It’s FULL of insight and specific detail, and is going to help we who are treading in your footsteps enormously. And yes, the tone hits the mark perfectly. Thanks!
DyanaRose says:

May 8, 2012 at 12:49 pm

I wish people would use the term “anti-social” properly.

Annoys the hell out of me.

That being said, ta for the article. Just getting into offline storage myself and quite useful for thinking about what it is I need the storage to do vs using what it is I’ve seen used before.
Seannachie says:

May 8, 2012 at 12:50 pm

I’m all for adding jokes and humor to articles and presentations, they make the content more interesting and memorable for viewers/listeners, and more enjoyable for the author/presenter. And I also agree that it is impossible to please everyone and that you are bound to offend someone regardless of how hard you try not to.

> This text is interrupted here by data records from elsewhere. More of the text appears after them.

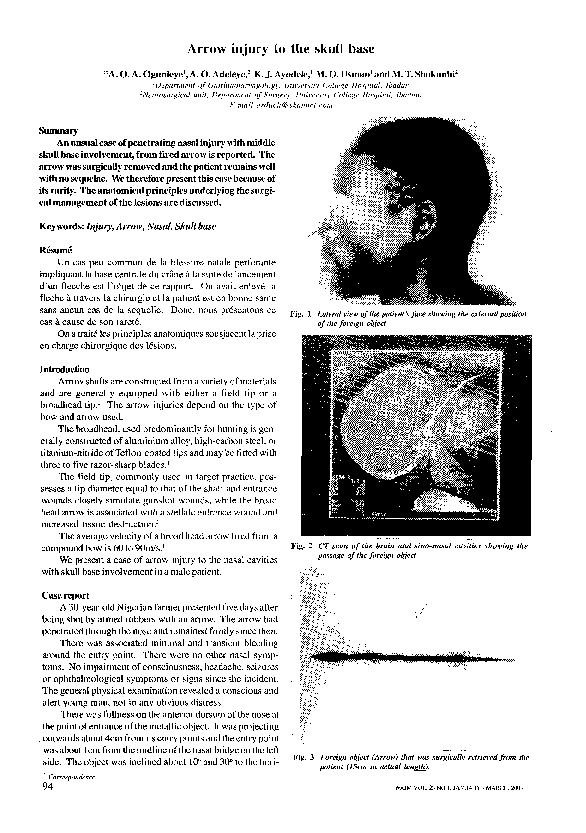 (PDF) Arrow injury to the skull base
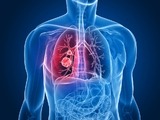 CHOPN vzniká v mládí, často předchází rakovině plic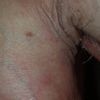 Hyperpigmentace penis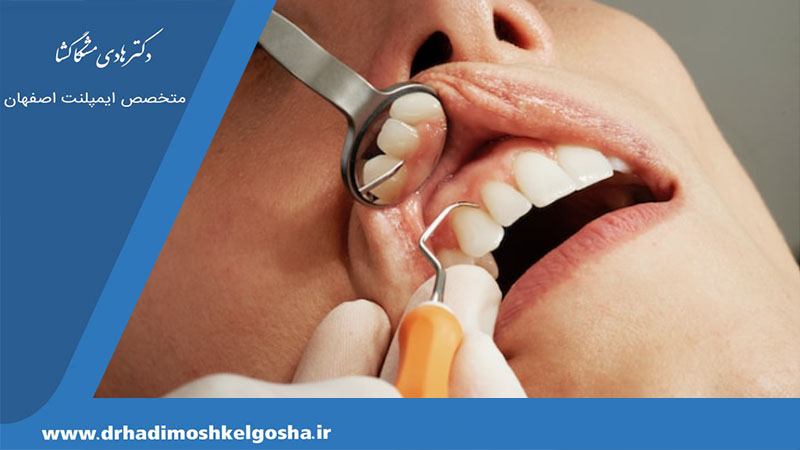 علائم عفونت بعد از جراحی فک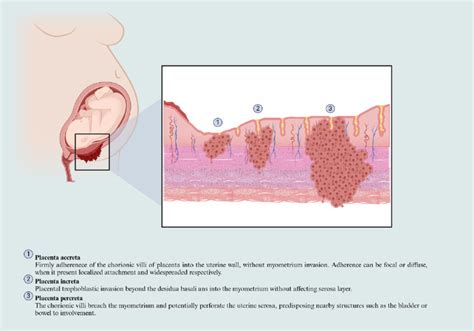 Figure The Placenta Accreta Spectrum Classification The Invasive Cells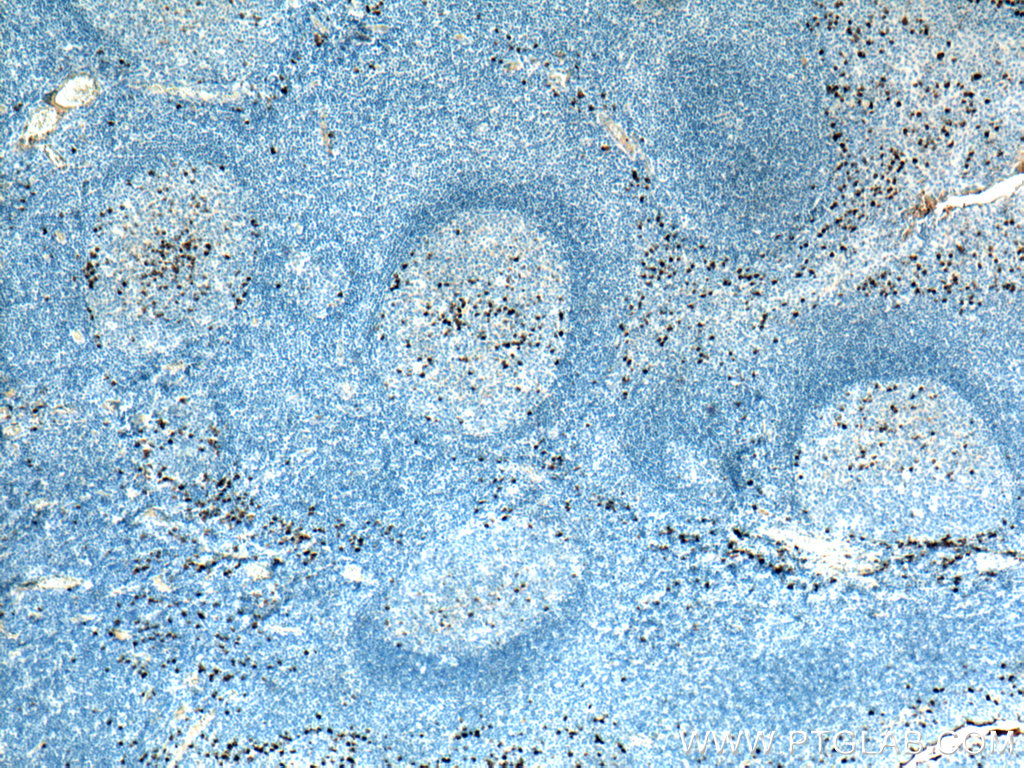 Human IgG Kappa chain Monoclonal antibody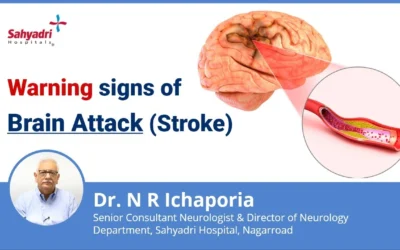 Warning Signs of Brain Stroke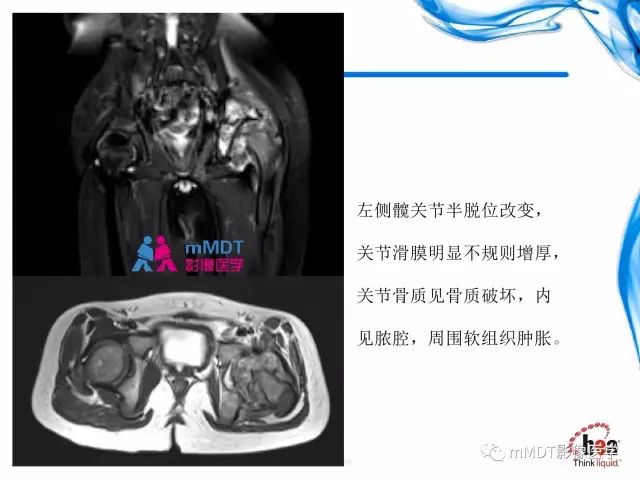 【PPT】四肢关节结核影像诊断与鉴别
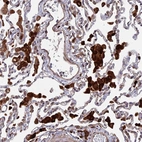 Immunohistochemical staining of human lung shows strong cytoplasmic positivity in macrophages.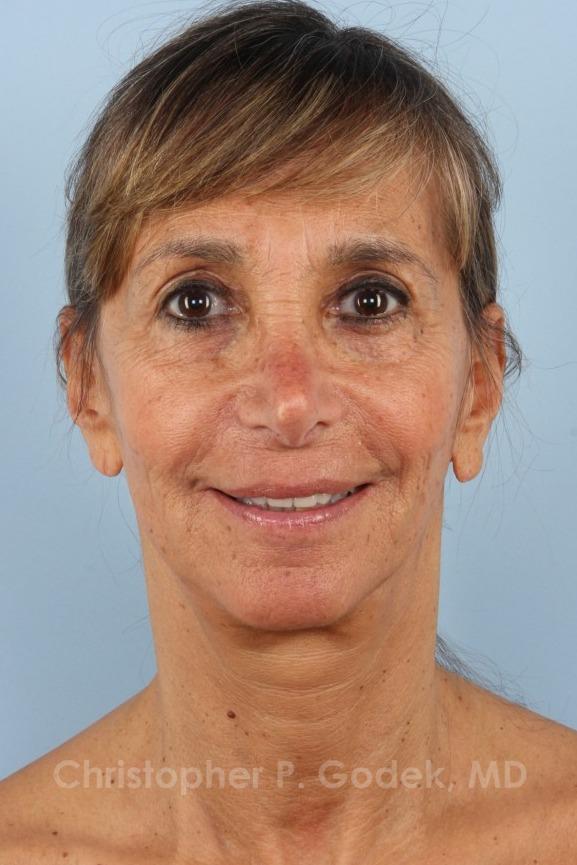 Facelift  Before & After Image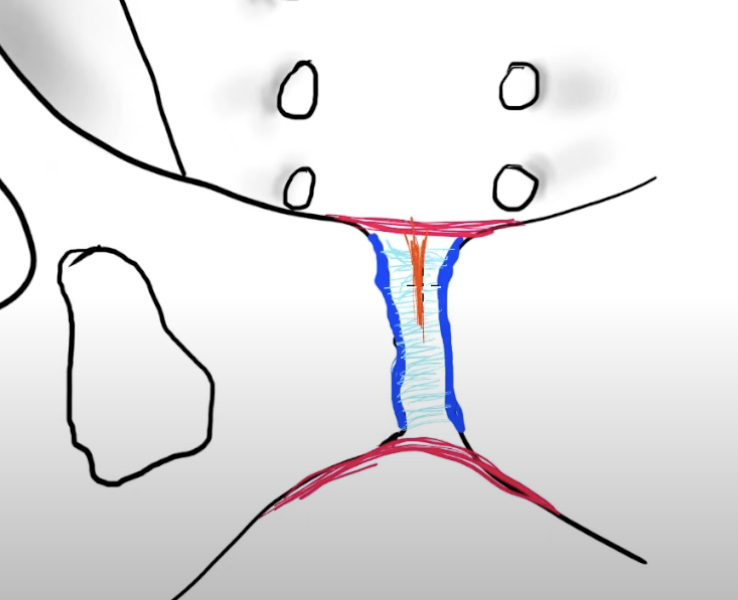 <p>Pubic symphysis</p>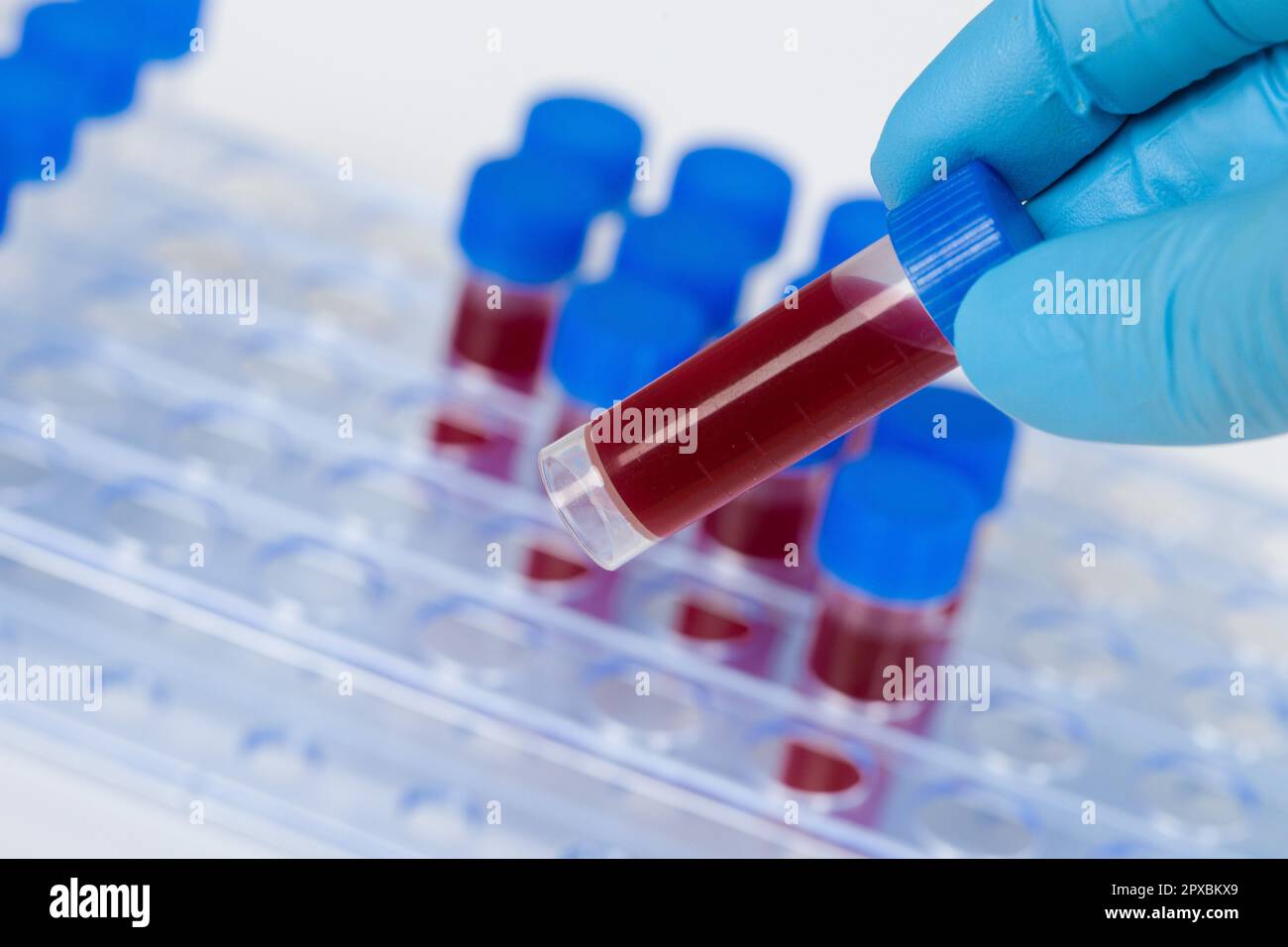 close up of handling test tubes with blood in a rack Stock Photo - Alamy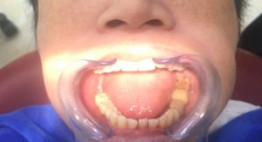 Cắm ghép răng implant – Giải pháp tuyệt vời cho hàm răng khiếm khuyết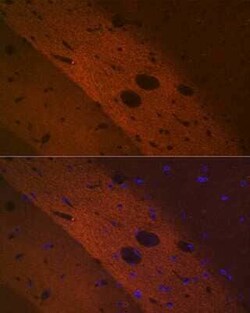 mGluR2 Rabbit anti-Mouse, Rat, Clone: 0U6B5, Novus Biologicals 100 &mu;g;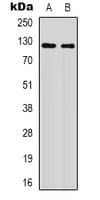 Polyclonal Rabbit anti-Human XPO1 / CRM1 Antibody (Acetyl-Lys568, WB)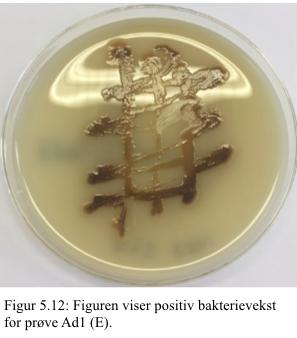 Resultatet fra prøve Ac1 (E) (figur 5.11) viser positiv bakterievekst på ESBL selektiv skål (Oxoid Brilliance ESBL).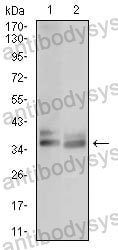 Western blot for Anti-ACP5 Antibody (R3D41) ?>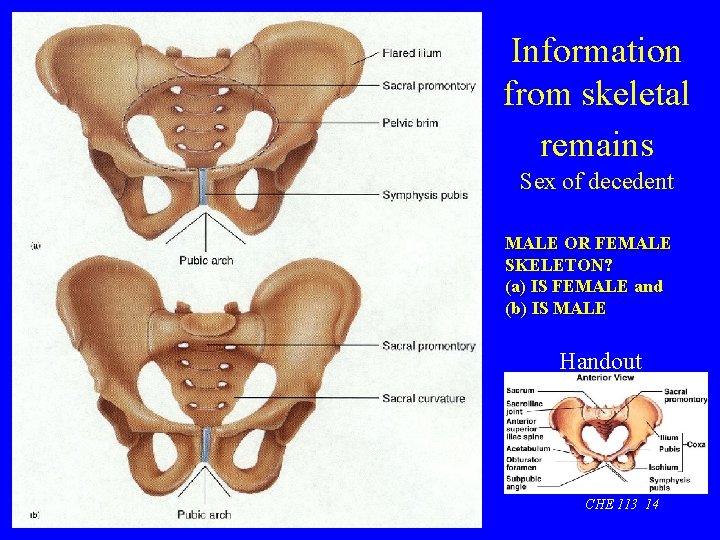 Information from skeletal remains Sex of decedent MALE OR FEMALE SKELETON? (a) IS FEMALE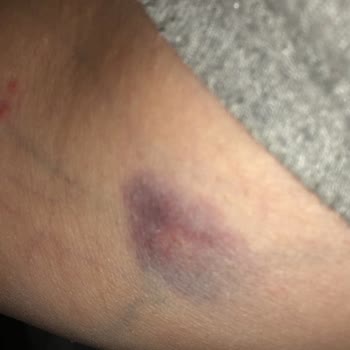 Novar Poliklinik İzmir Alsancak Mağdur Etti! Sonuçsuz İşlem Yüklü Paralar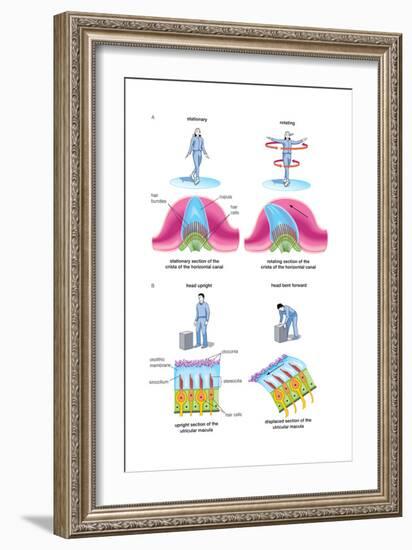 Root Canal Therapy. Dentistry, Endodontics, Teeth, Tooth Damage, Oral Health, Health and Disease-Encyclopaedia Britannica-Framed Art Print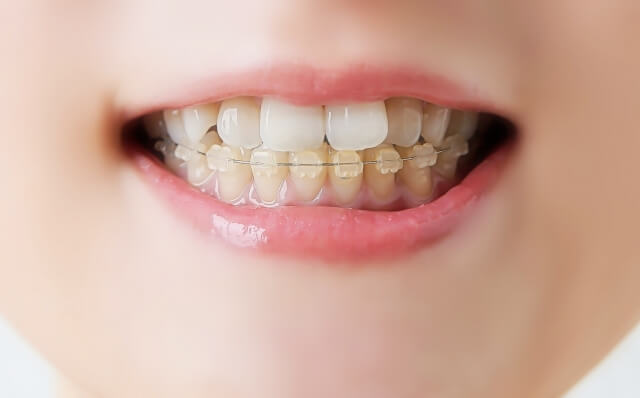 歯並び治療（矯正歯科）が原因で歯茎が下がるのはなぜ？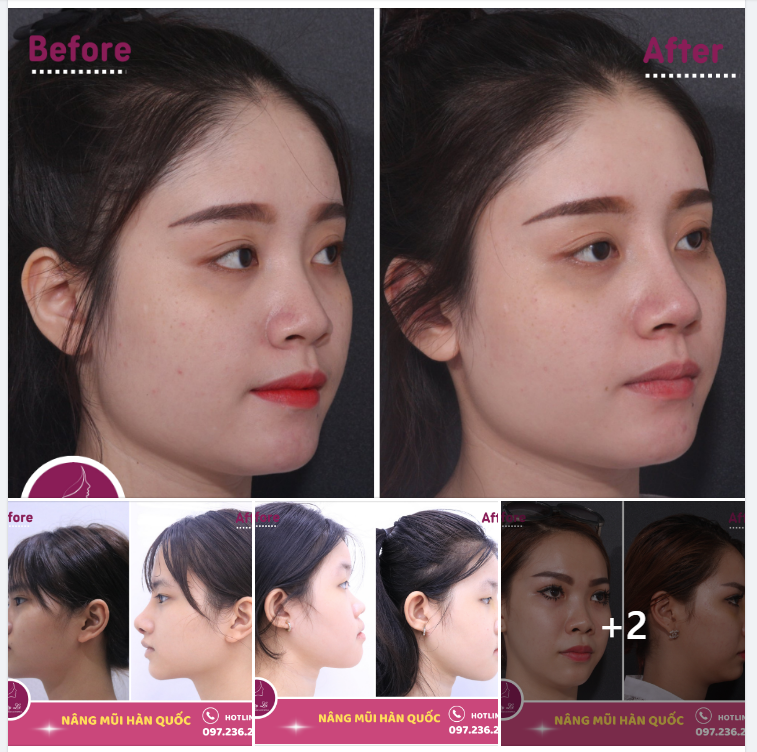 MŨI HÀN QUỐC “GIÁ XẸP” VẪN LÊN FORM CỰC ĐẸP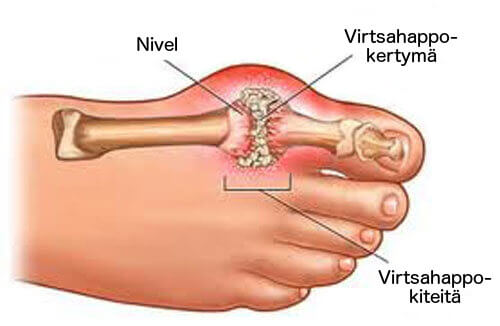 virtsahappoa jalassa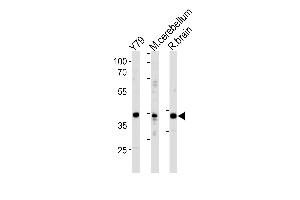 NeuroD1 Antibody  (ABIN388766 and ABIN2839060) western blot analysis in Y79 cell line ,mouse cerebellum and rat brain tissue lysates (35 μg/lane). (NEUROD1 anticorps  (C-Term))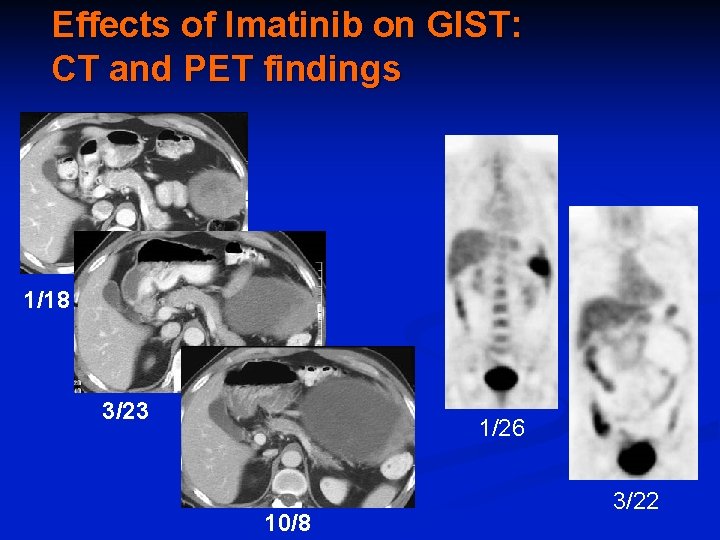 Effects of Imatinib on GIST: CT and PET findings 1/18 3/23 1/26 10/8 3/22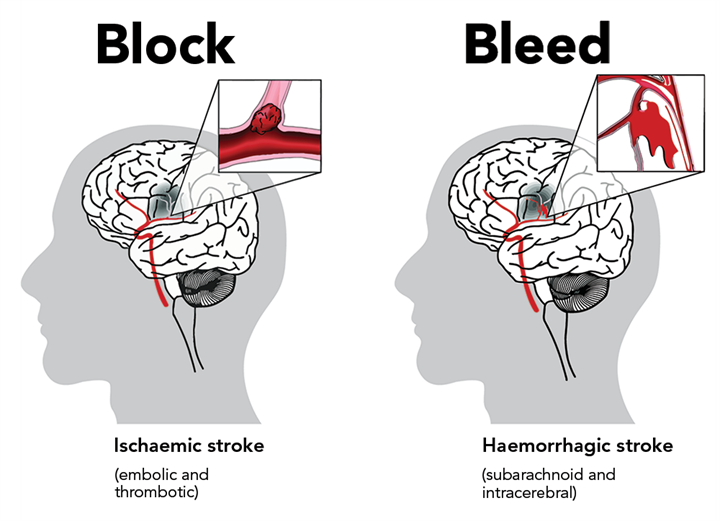 Types of stroke enableme stroke recovery and support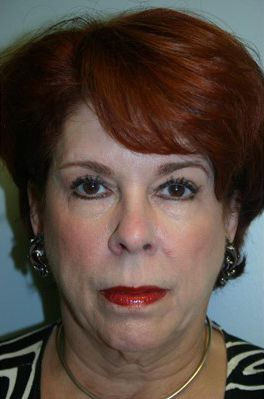 Face Lift Before & After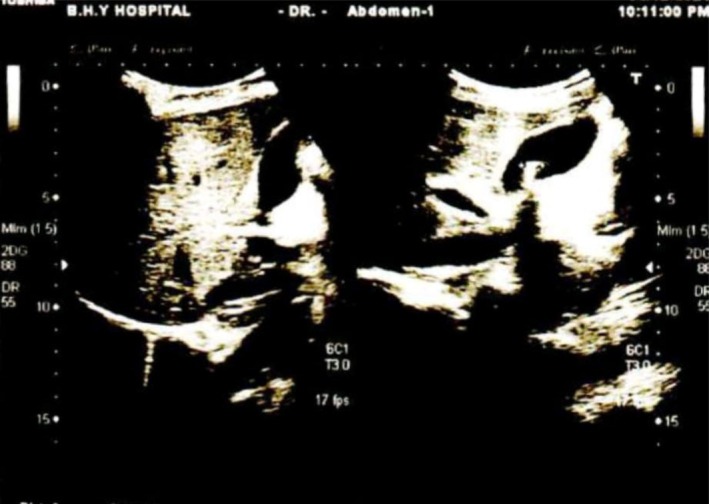 FIGURE 3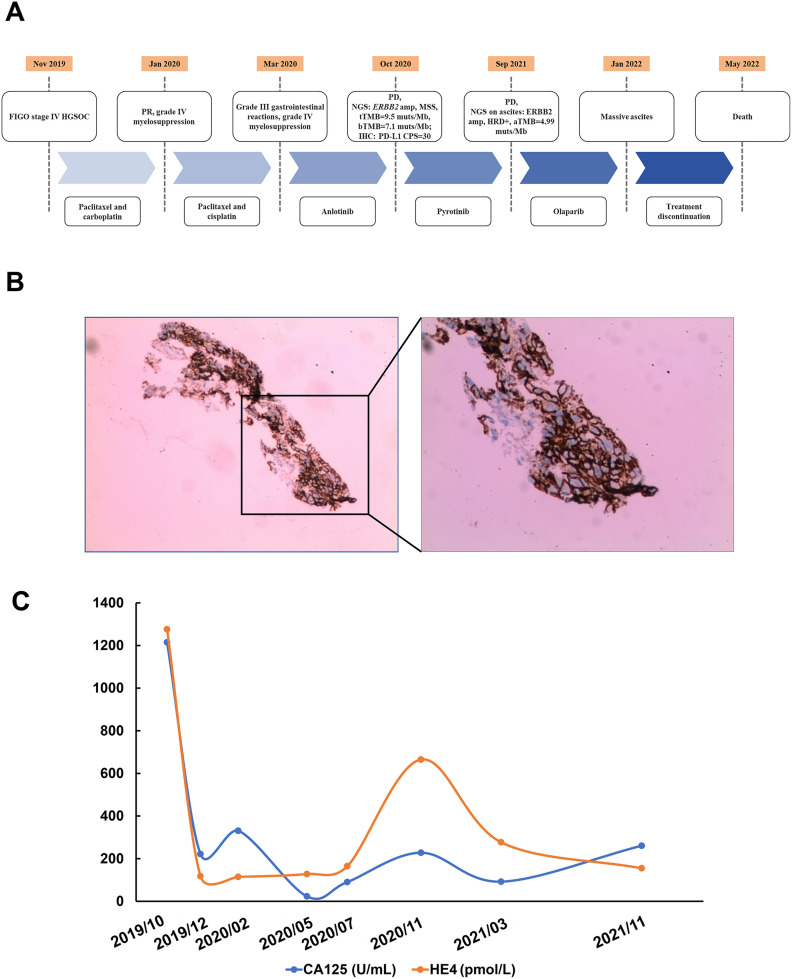 A stage IV high-grade serous ovarian cancer patient carrying <i>ERBB2</i> amplification and ERBB2 overexpression benefits from late-line pyrotinib treatment: A case report.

However, my point here is that the use of humor, metaphors, and analogies, even critically, can be done using terms and references that aren’t blatantly derogatory or that are likely to offend a large number of people. I would hope your ultimate goal would be for your article to reach the largest audience possible, but I feel your title limits that potential.

As an author you can write on any topic you desire and entitle it however you wish, and I respect that. I just politely disagree with your choice of title and subsequent analogy and feel you could have conveyed the same ideas using more “user-friendly” terminology.
grayghostvisuals says:

May 8, 2012 at 12:50 pm

Wow! what an unprofessional, classless writer you are with no taste and humor whatsoever! :)p

I was excited to see that Sprite Cow was used as an example of whats possible with this App Cache thingy and native Web apps.

First and foremost I had the pleasure of catching a Lazy Web Request on Github by Paul Irish which lead to this project on Github https://github.com/h5bp/mothereffinganimatedgif. When I saw the request I immediately thought about Sprite Cow and proceeded to jump in on the chance to implement the app cache for this project. Without going into every detail I will say Jonathan Stark was a huge help for me with his research and suggestions.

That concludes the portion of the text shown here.